(Aim of the exercise) Go through the entries below and say how many lines hold the word "warm". Nothing else is needed.

(Data listing)

▬▬▬▬▬▬

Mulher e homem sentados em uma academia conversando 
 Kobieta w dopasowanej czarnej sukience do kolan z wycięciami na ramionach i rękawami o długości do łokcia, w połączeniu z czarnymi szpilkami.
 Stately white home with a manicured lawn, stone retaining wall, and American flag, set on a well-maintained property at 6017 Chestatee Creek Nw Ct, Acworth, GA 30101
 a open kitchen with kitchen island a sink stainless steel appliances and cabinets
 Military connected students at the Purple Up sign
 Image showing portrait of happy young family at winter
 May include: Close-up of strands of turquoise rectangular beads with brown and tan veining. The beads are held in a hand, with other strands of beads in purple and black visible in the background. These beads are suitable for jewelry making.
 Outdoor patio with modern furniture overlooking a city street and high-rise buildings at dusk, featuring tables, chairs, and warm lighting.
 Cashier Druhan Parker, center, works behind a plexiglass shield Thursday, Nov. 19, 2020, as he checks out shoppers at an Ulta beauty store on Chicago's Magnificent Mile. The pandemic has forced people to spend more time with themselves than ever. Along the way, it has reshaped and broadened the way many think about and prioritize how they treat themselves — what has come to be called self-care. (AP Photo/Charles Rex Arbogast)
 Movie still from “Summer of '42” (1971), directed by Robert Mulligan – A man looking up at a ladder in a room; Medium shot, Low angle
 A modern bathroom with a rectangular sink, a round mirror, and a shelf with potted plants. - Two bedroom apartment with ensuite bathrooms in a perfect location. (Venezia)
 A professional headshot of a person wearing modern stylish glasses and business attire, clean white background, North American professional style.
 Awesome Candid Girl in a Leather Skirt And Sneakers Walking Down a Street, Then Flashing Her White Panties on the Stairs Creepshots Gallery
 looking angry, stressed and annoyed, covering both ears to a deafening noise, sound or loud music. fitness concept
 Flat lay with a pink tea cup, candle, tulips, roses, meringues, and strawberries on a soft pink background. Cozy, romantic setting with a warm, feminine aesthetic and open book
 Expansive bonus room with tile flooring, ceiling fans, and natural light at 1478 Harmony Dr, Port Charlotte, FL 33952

▬▬▬▬▬▬

(Written response) 2